RE:RE:RE:RE:Perspectives on Investing in SUWrong. Paying down shares saves a payout of 3.4 percent. A dividend is cash drain on profits By doing share buybacks you are reducing this cash drain and allows you to recycle those profits it on other options like debt reduction which strengthens the balance sheet. I remember my accountings professors talking about it when i got my undergrad in accounting.
Chris007 wrote: Paying down debt strengthens the balance sheet...
However, anyone who spent day in an accounting class knows that buybacks DO NOTHING to strenghten the balance sheet. It merely reduces shares outstanding (treasury stock debited, cash credited)...therefore, technically giving the remaining shares outstanding a "bigger piece of the pie"
Bigbear7405 wrote: Paying of debt and share buybacks strengthens the balance sheet. Giving all the profits to higher dividend is not strengthening their balance sheet. anyone who has spent a day in an accounting class would know this.
PabloLafortune wrote: Buybacks are simply put financial engineering which is putting the cart in front of the horse - its kind of ludicrous that this is Suncor's raison d'etre for the next 12 months Makes you wonder if Wall/Bay street are running the show - we know the mom and pops arent thats for sure.

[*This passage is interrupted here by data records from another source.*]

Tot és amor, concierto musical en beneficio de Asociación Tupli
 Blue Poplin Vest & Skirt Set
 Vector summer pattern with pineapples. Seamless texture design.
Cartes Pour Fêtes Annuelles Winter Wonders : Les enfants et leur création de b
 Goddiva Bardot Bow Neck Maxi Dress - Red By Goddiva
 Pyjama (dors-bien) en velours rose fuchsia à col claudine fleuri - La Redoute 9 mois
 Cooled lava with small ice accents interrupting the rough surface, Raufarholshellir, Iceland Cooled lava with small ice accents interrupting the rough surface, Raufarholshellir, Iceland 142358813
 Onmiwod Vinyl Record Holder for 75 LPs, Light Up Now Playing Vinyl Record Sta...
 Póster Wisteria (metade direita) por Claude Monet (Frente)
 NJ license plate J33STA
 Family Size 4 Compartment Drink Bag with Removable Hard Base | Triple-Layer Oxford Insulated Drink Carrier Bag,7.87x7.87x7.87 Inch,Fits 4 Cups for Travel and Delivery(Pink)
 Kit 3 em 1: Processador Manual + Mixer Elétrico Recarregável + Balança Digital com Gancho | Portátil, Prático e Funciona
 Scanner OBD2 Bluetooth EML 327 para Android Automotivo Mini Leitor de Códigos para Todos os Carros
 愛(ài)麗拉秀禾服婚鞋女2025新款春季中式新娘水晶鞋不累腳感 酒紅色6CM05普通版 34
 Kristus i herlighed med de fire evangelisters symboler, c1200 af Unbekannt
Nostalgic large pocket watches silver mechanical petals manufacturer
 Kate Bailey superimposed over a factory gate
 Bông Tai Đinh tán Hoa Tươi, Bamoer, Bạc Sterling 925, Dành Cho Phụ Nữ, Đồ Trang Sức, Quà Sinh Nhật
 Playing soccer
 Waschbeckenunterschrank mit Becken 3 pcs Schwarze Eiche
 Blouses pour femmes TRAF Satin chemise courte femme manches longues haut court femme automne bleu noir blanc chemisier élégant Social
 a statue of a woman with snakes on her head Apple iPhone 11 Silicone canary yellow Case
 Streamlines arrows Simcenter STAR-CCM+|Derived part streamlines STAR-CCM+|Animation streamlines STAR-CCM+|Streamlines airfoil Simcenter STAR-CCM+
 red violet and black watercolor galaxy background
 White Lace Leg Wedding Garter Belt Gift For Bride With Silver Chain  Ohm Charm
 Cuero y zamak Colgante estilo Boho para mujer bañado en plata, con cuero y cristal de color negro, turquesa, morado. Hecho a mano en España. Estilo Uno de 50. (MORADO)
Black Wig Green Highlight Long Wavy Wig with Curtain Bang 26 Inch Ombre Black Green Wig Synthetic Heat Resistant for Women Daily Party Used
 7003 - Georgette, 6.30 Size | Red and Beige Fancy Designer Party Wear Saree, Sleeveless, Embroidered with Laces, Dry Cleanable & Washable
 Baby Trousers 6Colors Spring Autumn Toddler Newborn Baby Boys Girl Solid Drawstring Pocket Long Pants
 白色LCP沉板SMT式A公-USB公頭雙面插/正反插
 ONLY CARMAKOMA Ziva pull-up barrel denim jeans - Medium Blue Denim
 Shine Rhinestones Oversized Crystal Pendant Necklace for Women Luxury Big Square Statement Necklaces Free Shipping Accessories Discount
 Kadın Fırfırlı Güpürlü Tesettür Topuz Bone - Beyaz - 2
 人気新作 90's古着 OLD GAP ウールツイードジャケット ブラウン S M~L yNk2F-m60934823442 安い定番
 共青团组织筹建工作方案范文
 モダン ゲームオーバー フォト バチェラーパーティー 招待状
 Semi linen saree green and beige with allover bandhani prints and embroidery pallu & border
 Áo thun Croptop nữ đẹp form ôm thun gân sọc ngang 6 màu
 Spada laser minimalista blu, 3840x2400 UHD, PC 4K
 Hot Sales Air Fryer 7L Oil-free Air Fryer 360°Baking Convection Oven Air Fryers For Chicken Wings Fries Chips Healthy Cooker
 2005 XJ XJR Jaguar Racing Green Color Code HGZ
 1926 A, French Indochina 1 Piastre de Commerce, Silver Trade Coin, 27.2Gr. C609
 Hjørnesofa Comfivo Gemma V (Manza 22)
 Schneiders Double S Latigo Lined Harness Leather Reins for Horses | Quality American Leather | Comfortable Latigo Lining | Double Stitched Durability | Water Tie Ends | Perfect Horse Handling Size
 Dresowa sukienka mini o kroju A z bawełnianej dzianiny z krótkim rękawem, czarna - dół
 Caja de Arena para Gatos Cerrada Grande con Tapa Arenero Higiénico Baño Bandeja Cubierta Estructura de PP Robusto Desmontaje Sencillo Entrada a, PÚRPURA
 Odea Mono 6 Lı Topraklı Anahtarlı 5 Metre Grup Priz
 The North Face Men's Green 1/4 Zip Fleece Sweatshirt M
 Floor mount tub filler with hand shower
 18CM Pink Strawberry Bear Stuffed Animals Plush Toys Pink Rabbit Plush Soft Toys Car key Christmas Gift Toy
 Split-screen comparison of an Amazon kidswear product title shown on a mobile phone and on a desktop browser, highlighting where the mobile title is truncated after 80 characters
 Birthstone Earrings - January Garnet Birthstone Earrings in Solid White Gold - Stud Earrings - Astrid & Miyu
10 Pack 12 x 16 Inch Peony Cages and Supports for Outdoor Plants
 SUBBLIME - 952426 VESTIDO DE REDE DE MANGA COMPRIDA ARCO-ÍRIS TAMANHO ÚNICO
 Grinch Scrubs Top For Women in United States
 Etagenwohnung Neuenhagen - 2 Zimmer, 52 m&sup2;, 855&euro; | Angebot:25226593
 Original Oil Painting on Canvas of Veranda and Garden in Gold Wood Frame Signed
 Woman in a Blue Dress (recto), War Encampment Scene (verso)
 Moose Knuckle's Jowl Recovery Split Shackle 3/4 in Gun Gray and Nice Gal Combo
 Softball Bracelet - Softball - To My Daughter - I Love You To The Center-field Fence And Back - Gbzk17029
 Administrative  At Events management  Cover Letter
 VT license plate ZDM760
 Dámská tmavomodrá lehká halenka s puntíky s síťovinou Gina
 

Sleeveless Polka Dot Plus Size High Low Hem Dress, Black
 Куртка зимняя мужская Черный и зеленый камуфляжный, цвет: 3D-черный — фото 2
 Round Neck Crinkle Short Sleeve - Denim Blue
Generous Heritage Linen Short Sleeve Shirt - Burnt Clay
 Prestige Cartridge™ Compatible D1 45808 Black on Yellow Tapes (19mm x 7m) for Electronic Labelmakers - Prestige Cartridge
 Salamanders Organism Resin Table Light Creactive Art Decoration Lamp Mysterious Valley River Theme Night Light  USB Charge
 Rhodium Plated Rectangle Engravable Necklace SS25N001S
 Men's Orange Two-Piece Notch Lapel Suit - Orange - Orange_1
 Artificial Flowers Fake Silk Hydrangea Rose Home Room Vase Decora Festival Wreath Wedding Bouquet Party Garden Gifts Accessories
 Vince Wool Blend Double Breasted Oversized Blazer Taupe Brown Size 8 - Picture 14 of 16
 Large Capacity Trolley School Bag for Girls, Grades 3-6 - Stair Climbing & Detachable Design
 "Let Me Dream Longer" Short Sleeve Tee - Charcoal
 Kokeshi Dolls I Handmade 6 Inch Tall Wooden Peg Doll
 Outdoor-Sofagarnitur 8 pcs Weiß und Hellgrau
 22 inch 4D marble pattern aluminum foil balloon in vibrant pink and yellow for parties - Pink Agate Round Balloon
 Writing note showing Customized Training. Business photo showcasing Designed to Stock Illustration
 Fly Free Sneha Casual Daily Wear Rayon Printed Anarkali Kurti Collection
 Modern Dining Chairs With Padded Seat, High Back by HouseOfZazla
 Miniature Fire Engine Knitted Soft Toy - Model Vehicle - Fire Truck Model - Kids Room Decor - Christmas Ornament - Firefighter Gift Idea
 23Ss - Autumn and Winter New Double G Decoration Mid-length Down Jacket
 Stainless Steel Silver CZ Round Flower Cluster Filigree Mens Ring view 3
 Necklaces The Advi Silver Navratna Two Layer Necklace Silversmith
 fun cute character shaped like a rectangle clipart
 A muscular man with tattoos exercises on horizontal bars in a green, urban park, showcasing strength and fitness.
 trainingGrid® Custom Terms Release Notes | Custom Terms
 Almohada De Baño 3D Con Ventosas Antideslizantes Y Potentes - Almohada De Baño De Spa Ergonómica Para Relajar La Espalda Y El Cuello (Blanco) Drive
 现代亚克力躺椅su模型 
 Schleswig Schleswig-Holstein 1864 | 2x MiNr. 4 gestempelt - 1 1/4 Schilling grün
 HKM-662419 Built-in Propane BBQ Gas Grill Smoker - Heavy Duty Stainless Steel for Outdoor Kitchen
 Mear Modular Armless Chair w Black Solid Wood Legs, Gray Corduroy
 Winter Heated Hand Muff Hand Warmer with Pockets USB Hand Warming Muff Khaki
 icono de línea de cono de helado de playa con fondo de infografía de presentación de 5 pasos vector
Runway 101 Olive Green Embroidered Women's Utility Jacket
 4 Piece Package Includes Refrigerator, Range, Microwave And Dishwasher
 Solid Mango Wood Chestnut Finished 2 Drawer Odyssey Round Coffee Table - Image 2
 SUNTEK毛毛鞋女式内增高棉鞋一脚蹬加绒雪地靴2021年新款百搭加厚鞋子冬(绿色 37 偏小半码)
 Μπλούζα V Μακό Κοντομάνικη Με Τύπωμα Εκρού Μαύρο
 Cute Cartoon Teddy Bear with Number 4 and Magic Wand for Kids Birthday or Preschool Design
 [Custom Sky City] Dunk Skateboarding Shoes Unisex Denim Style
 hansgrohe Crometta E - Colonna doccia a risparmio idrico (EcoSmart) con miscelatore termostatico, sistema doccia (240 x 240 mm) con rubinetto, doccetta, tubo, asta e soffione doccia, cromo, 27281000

Ask Intel $100B in buybacks later if that served them well? It didnt it was a disaster and everyone knows it. #2, Suncor is lagging all its peers in the past 6 months even though Suncor is recovery leveraged so the environmental argument doesn't hold water - bottom line investors dont have confidence in management eg Fort Hills. Anyway I'll be unloading my shares in the near future and will no longer be posting here.